This tutorial explains how to simultaneously run DL Streamer and DeepStream on a single machine for optimal performance.
Systems equipped with both NVIDIA GPUs and Intel hardware (GPU/NPU/CPU) can achieve enhanced performance by distributing workloads across available accelerators. Rather than relying solely on DeepStream for pipeline execution, you can offload additional processing tasks to Intel accelerators, maximizing system resource utilization.
A Python script (concurrent_dls_and_ds.py) is provided to facilitate this concurrent setup. It assumes that Docker and Python are properly installed and configured. The Ubuntu 24.04 is currently the only supported operating system.
- Using intel/dlstreamer:2025.2.0-ubuntu24 image, the sample downloads yolov8_license_plate_detector and ch_PP-OCRv4_rec_infer models to ./public directory if they were not downloaded yet.
- Using nvcr.io/nvidia/deepstream:8.0-samples-multiarch image it downloads deepstream_tao_apps repository to ./deepstream_tao_apps directory.

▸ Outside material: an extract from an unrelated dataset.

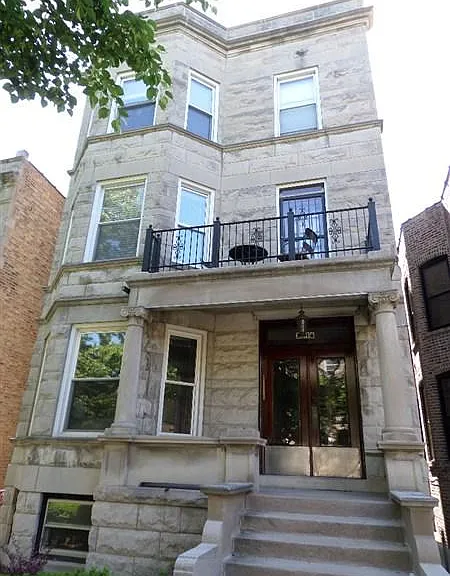3716 N Magnolia Ave #1 — Photo 1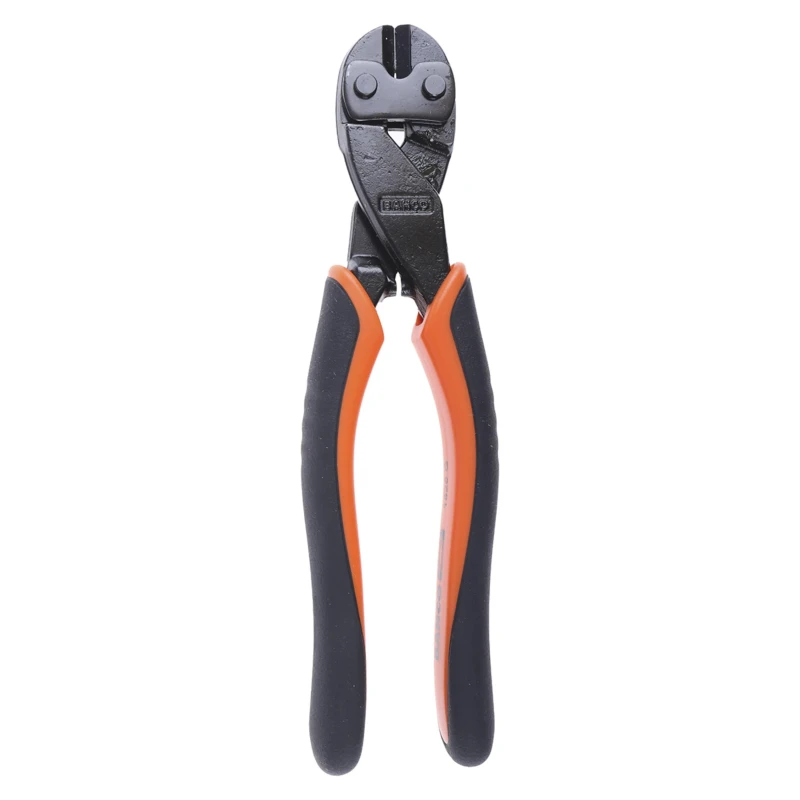 Bahco Compact Power Side Cutter 210mm Length 17.1mm Jaw Width High Performance Steel Alloy 1520 G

Then downloads models for License Plate Recognition (LPR), makes a custom library and copies dict.txt to the current directory, in case deepstream_tao_apps does not exist.

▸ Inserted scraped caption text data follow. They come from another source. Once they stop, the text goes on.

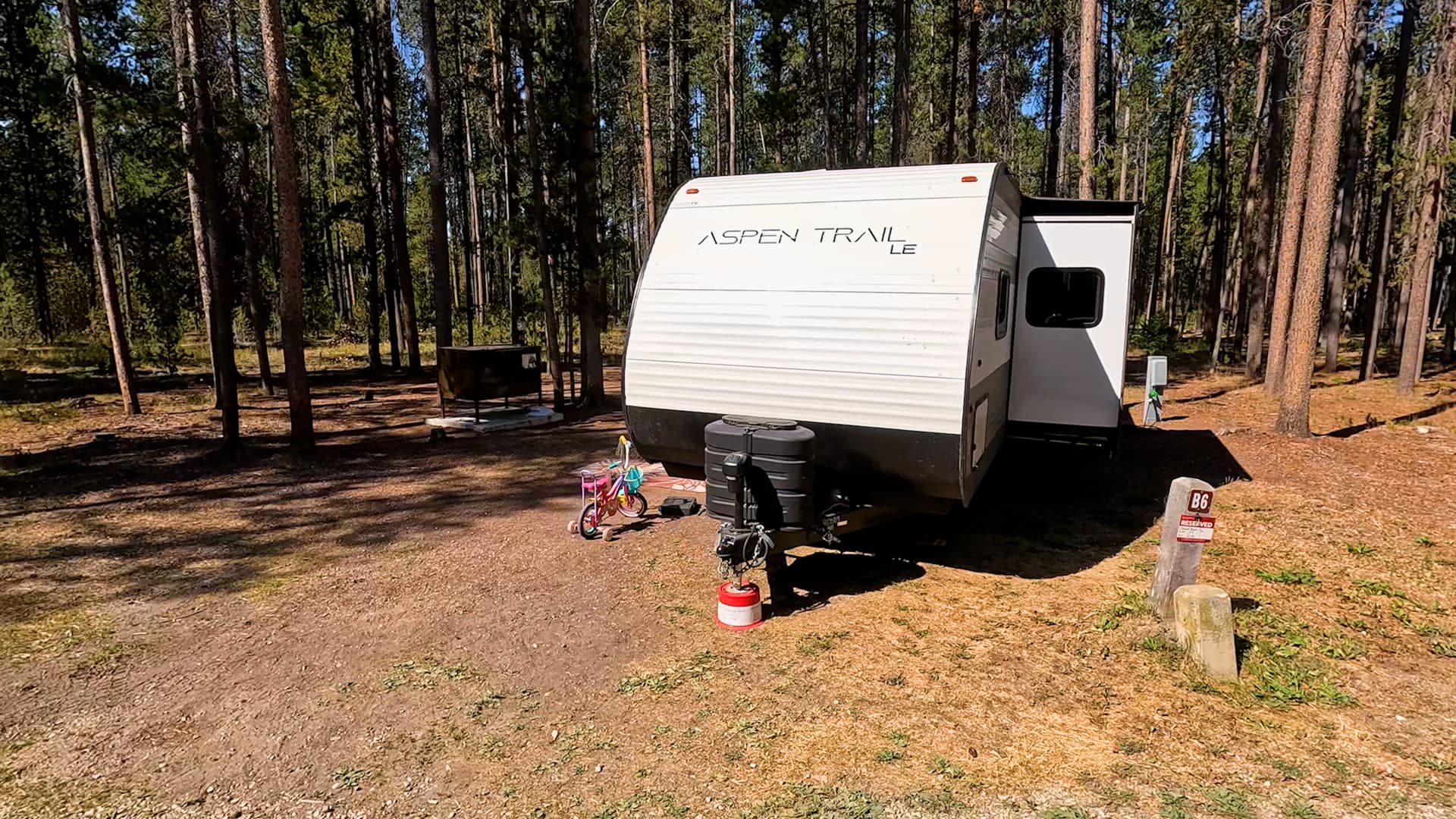 Site B6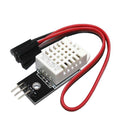 DIY DHT22 Digital Temperature Humidity Sensor AM2302 Module+PCB w/Cable
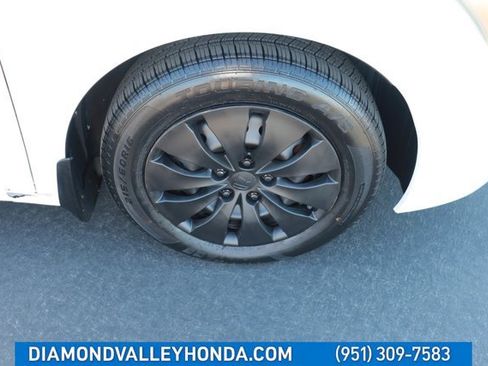 Used 2008 Honda Accord LX image 23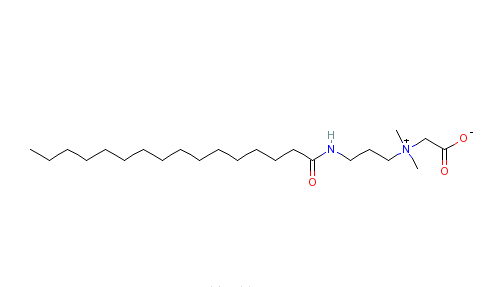 棕榈酰胺丙基甜菜碱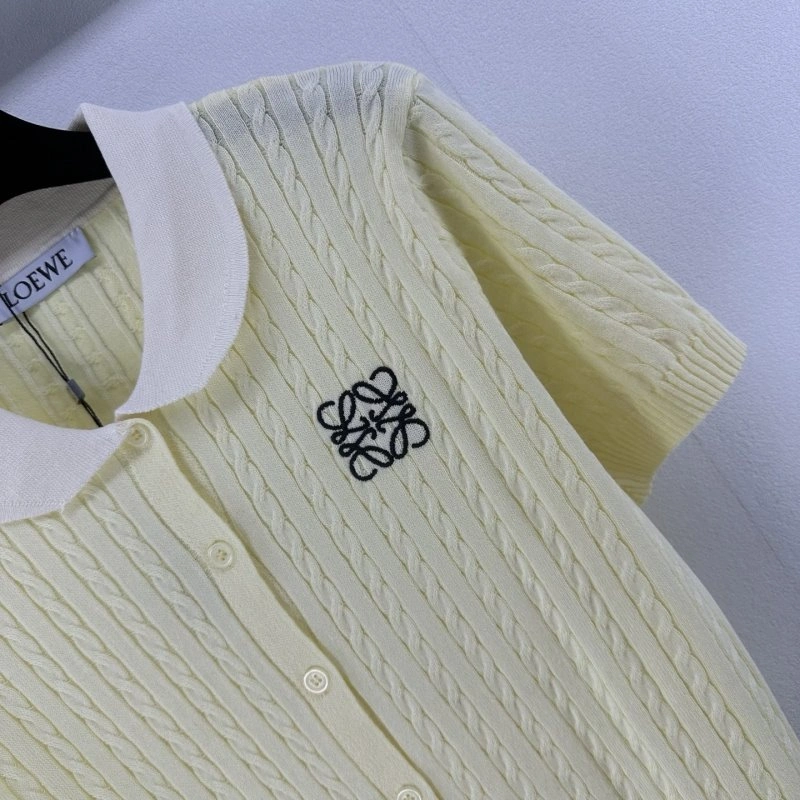 Loewe T-Shirts MoistureWicking 149609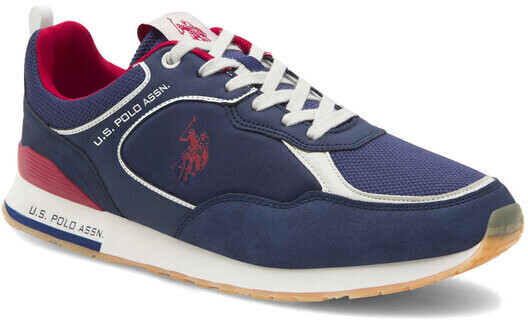 U.S. Polo Assn. Sneakers TABRY007 dark blue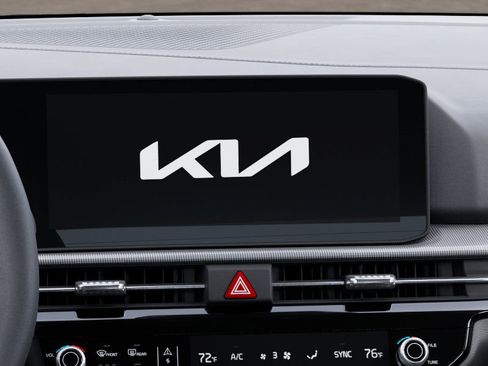 New 2026 Kia Sportage AWD Hybrid image 20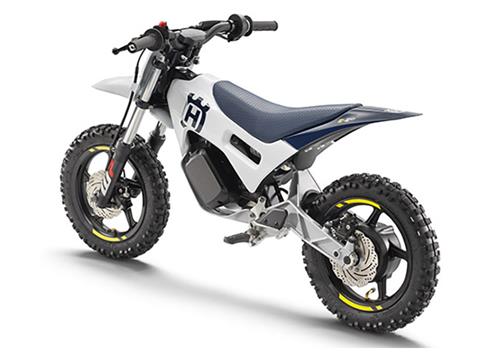 2024 Husqvarna EE 2 in Athens, Ohio - Photo 6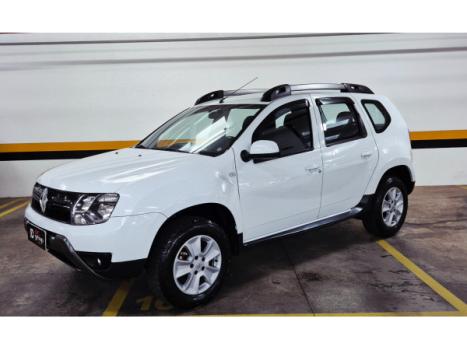 RENAULT Duster 1.6 16V 4P FLEX DYNAMIQUE, Foto 5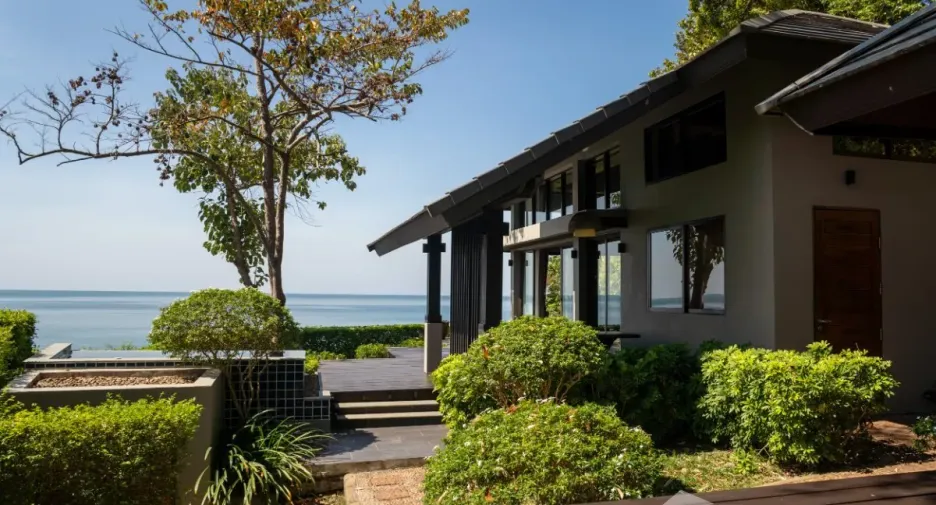 For sale 2 bed villa in Ko Lanta, Krabi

- Hardware detection depending on setup
- Run pipeline simultaneously on both devices for:
- both Nvidia and Intel GPUs
- Nvidia GPU and Intel NPU
- Nvidia GPU with Intel CPU
- Run pipeline directly per device for:
- Intel GPU
- Nvidia GPU
- Intel NPU
- Intel CPU
python3 ./concurrent_dls_and_ds.py <input> LPR <output>- Input can be rtsp, https or file.
- License Plate Recognition (LPR) is currently the only pipeline supported.
- Output is the filename. For example parameter: Output.mp4 or Output will create files Output_dls.mp4 (DL Streamer output) and/or Output_ds.mp4 (DeepStream output).
First-time download of the Docker images and models could take a longer time.